Short web captions:
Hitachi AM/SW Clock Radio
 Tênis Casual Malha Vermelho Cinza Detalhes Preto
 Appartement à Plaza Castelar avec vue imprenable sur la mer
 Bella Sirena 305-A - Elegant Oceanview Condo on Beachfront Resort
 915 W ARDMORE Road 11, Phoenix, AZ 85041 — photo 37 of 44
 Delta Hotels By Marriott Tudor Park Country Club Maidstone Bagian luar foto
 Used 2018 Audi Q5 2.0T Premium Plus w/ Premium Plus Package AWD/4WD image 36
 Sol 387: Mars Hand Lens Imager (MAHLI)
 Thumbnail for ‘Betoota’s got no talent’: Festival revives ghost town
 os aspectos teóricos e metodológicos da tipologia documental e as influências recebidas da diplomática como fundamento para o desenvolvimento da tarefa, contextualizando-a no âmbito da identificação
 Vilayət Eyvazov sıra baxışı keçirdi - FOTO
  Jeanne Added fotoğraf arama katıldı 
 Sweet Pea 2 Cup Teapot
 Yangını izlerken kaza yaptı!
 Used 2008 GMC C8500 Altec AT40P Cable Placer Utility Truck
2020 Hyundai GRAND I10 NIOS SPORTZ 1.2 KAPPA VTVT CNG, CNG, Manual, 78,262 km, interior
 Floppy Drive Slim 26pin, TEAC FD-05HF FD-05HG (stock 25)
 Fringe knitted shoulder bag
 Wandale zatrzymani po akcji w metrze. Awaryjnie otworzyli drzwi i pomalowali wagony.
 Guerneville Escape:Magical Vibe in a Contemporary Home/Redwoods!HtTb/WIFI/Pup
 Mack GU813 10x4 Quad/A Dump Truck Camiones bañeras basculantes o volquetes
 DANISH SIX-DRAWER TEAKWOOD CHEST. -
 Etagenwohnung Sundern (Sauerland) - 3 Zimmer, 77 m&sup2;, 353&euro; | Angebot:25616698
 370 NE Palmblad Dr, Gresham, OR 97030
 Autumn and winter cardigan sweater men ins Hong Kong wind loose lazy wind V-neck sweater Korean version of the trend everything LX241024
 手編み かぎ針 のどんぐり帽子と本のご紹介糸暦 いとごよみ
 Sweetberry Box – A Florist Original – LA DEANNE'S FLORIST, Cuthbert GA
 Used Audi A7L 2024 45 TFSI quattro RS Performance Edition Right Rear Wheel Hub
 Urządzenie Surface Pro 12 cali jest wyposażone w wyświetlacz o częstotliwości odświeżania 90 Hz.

#### [Exercise directions]
All that belongs in your answer is the stretch of entries above from the line with "Used 2018 Audi" through the line with "Thumbnail for ‘Betoota’s", printed exactly.

#### [Your solution]
 Used 2018 Audi Q5 2.0T Premium Plus w/ Premium Plus Package AWD/4WD image 36
 Sol 387: Mars Hand Lens Imager (MAHLI)
 Thumbnail for ‘Betoota’s got no talent’: Festival revives ghost town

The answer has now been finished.